*TASK*:
Do not include the pictures; repeat the rest of the data exactly.

*DATASET EXCERPT*:
--------
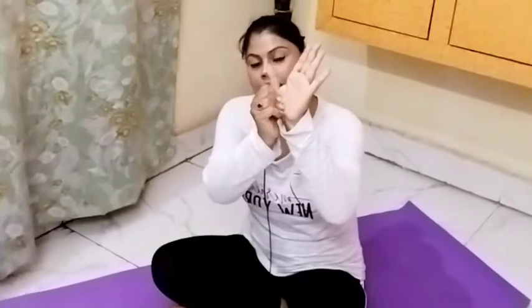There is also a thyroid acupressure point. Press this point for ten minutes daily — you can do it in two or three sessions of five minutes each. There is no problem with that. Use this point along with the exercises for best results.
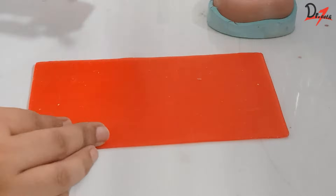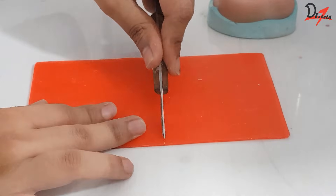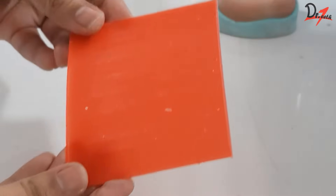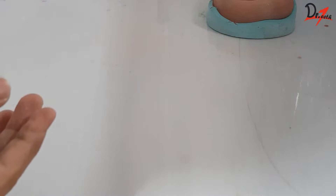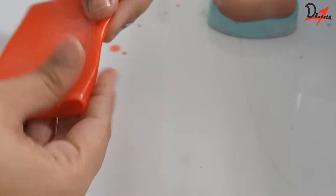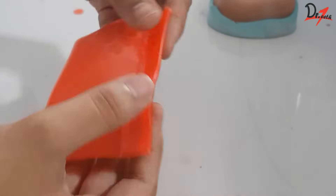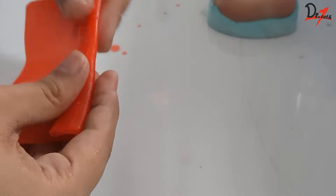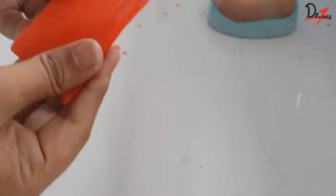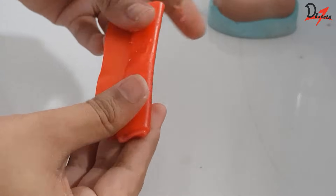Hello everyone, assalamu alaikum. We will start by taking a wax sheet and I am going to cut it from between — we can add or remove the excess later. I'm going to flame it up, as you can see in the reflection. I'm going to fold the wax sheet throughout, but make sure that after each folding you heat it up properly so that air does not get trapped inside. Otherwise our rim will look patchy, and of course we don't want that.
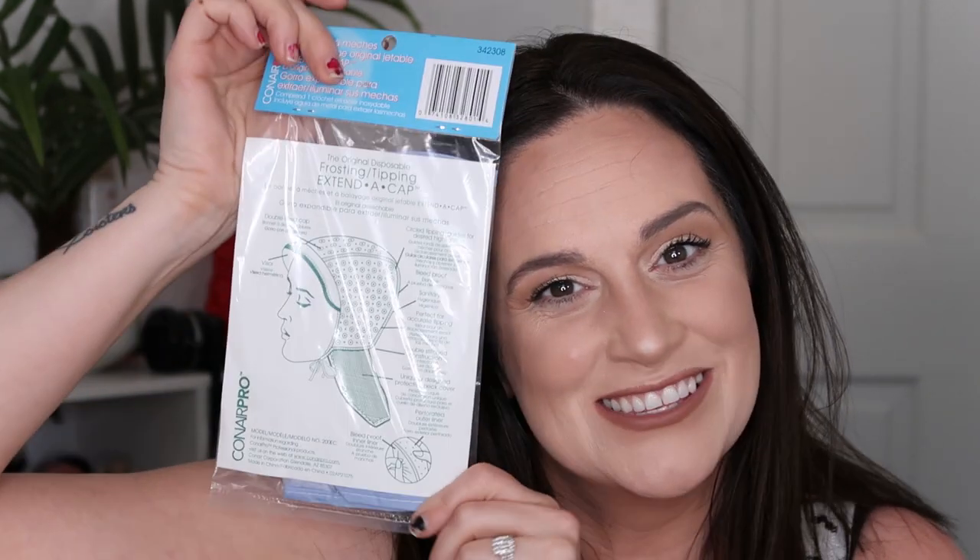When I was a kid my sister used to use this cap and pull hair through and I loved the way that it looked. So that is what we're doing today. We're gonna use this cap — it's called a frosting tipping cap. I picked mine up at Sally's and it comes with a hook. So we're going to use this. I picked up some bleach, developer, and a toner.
--------
*ANSWER*:
There is also a thyroid acupressure point. Press this point for ten minutes daily — you can do it in two or three sessions of five minutes each. There is no problem with that. Use this point along with the exercises for best results.
Hello everyone, assalamu alaikum. We will start by taking a wax sheet and I am going to cut it from between — we can add or remove the excess later. I'm going to flame it up, as you can see in the reflection. I'm going to fold the wax sheet throughout, but make sure that after each folding you heat it up properly so that air does not get trapped inside. Otherwise our rim will look patchy, and of course we don't want that.
When I was a kid my sister used to use this cap and pull hair through and I loved the way that it looked. So that is what we're doing today. We're gonna use this cap — it's called a frosting tipping cap. I picked mine up at Sally's and it comes with a hook. So we're going to use this. I picked up some bleach, developer, and a toner.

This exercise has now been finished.